Imagine you want to make a trip to downtown Atlanta without a car, bicycle, e-scooter, or other means of moving about.

Instead of summoning Uber or Lyft, or catching a train, you punch an app on your smartphone, walk to the street, and get picked up in moments by a MARTA bus heading that direction.

The charge for your ride? $2.50.

Could such an on-demand transportation component be an integral part of Atlanta’s transit future? Officials with MARTA and Georgia Tech say they’re about to find out.

The U.S. National Science Foundation has awarded the transit agency and school a $1-million grant to launch a pilot program, testing what’s known as an “On-Demand Multimodal Transit System Solution,” or ODMTS, around Atlanta.

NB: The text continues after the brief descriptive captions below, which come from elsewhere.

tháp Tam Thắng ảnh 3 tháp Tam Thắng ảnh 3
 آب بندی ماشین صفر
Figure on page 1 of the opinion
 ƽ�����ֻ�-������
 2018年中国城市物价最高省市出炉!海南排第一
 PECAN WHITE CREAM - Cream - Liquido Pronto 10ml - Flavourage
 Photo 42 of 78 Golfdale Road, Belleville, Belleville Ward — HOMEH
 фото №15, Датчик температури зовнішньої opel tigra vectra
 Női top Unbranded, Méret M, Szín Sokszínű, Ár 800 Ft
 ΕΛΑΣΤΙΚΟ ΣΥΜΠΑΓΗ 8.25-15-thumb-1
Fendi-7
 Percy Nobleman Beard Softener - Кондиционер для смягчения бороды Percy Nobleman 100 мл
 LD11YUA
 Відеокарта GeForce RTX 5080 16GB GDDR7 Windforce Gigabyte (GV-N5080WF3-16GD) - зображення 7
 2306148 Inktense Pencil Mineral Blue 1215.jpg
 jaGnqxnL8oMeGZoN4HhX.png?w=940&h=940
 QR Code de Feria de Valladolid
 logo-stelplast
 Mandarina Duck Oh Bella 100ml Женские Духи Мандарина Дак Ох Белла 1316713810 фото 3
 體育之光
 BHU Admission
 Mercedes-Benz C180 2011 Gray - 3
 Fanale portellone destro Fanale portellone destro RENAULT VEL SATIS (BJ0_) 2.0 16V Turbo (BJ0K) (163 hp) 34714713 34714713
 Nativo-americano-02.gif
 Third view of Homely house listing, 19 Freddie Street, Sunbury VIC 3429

The funding comes as part of the broader Civic Innovation Challenge program, which is helping foot the bill to develop community-based solutions to mobility and disaster challenges.

ODMTS, as MARTA officials relay, is considered a hybrid approach to traditional public transit and ride-share services. It “offers real-time routing that meets rider demand, optimizes vehicle use, and fills in service gaps left by a fixed bus route.”

One goal of ODMTS is to eliminate long waits at bus stops. Instead, riders would summon buses via smartphone apps to specific locations when they’re ready to head out, for example, to the grocery store or a MARTA train station.

“Exploring first- and last-mile connectivity options is important in providing transit service that meets the needs of everyone in metro Atlanta,” Collie Greenwood, MARTA’s deputy general manager, said in today’s grant announcement.  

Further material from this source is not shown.